I can't speak for MSR, but other research facilities have, as a whole, been greatly beneficial to their enterprises. The first time I encountered a company research lab, I was a little taken aback at the idea that one out of every ten projects (or, often, careers) would make the lab money. While I came to understand the virtues of such a system, most labs have gone the opposite direction and demanded that all researchers produce modestly lucrative work rather than that all researchers produce work with the potential of being extraordinarily lucrative. (Hopefully the last anonymous post is wrong and MSR isn't just a vanity lab with no commercial upside.)

This story suggests that only our tax dollars can come to the rescue here and, perhaps in the form of write-offs, that doesn't sound half bad. Unfortunately, in my community as in yours, we're moving towards a world in which fundamental research and business are diverging, the only folks doing both being those working for the few remaining permissive labs (like MSR) and those doing research on their own time and dime while also working a "real job" (like me).

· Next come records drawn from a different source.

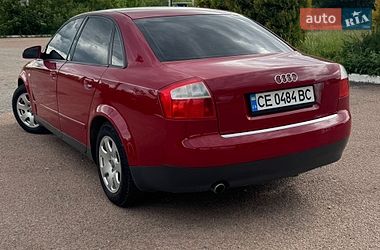 Седан Audi A4 2002 в Надвірній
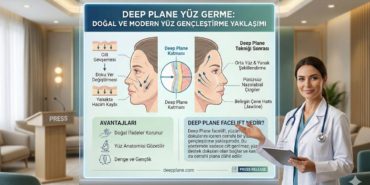 Deep Plane Facelift Nedir? Yüz Gençleştirmede Derin Plan Yaklaşımı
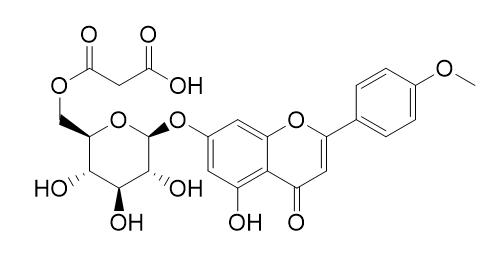 Acacetin-7-O-6-malonylglucoside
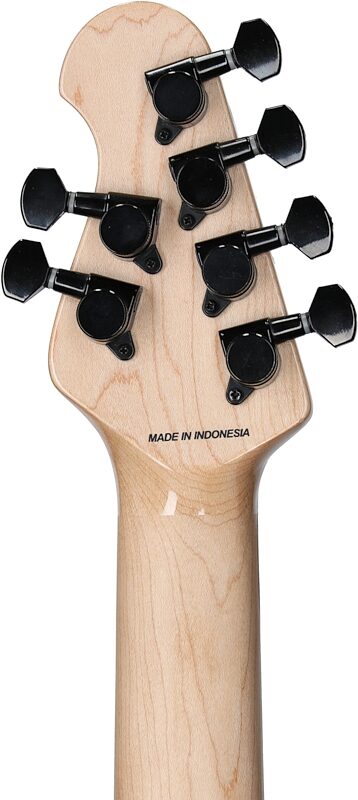 open zoom image for Sterling by Music Man John Petrucci Signature JP60 Electric Guitar, Mystic Dream, Rosewood Fretboard, Headstock Straight Back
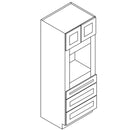 Forevermark Cabinets Midtown Grey 33 Inch Tall Oven - image 5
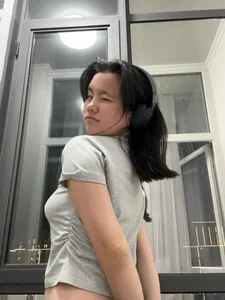 ErikaOliver preparing for the exam Pic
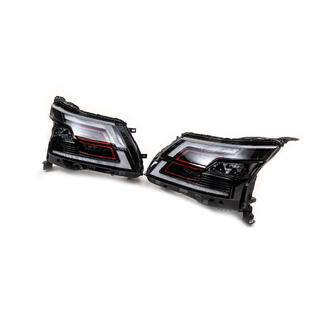 Faros Delanteros 2022+ (FullLed RSS) Nissan Patrol Y62 2010-2024 foto 2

Michael Mitzenmacher said...

Anon #3: I will recognize I've had a blessed career path. I'm not sure I'd go with the phrase "elite outcome"; let's reserve that for people who signed up as one of the first 100 Google employees...

To be clear, I quite recognize that MSR offers substantial freedom to its researchers. I pointed out that that was also my experience at SRC -- but I left before the big Compaq/HP changes, and my post mentions IBM and AT&T, which have, at various periods, both laid off researchers or had cycles where research was supposed to show its (short-term) "relevance" in very clear terms. I'm not blind to the issues, nor do I think I gave them short shrift, but I do appreciate commenters who clarify and point out these potential issues with labs.

Anonymous said...

Isn't there another lifestyle between research labs and academia, namely vacation? Many universities and NSF insist that faculty take a month vacation (at least a month during which there are no explicit demands, if this is not strictly vacation) not counting mid-winter breaks. In many research labs you are on the same vacation schedule as all other employees; 2 weeks your first year, rising to 3 weeks in year 5.

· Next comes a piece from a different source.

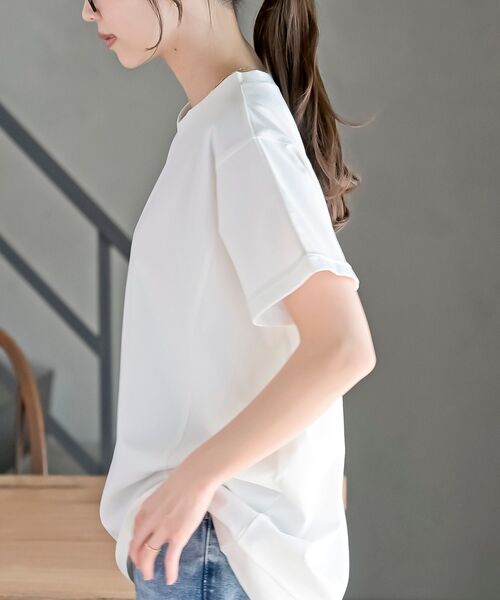 r・p・s tシャツ ドライタッチドルマンT レディース : ZOZOTOWN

I had distant family I needed to visit and this aspect was a big turn-off for industrial research labs.

Anonymous said...

In 12 years in academia, I have never had any real vacation. The university doesn't pay you over the summer. So if you have grants to pay your summer salary, you have to forfeit your vacation. Winter vacation is when you get time to finish the papers for the January-February conference submission deadlines.

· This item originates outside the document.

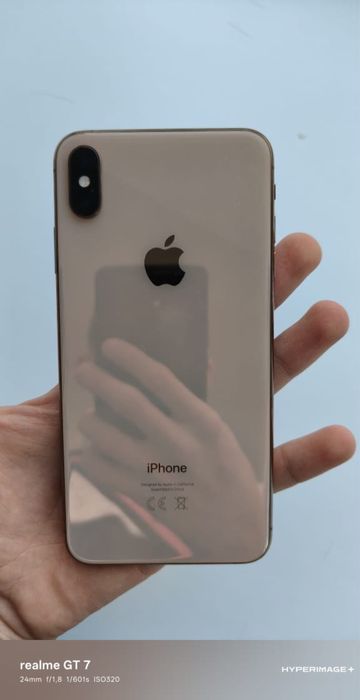 Обменяю XS MAX тел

(Some universities do require you to take one *unpaid* summer month).

Anonymous said...

In 12 years in academia, I have never had any real vacation.

Then you are doing something wrong. You are certainly granted vacation days by your university -- why aren't you using them? Moreover, one of the advantages of being a professor is that you can work when you like -- there is nothing stopping you from working 50% harder two weeks in a row and then taking the third week off.

Anonymous said...

there is nothing stopping you from working 50% harder two weeks in a row and then taking the third week off.

Well, one thing that might be stopping you is your competitor who is working 50% harder every week. Once you have tenure, you can afford to let someone else work 50% harder than you if they want to, but until then you really can't (at least if you want a job at a strong research university).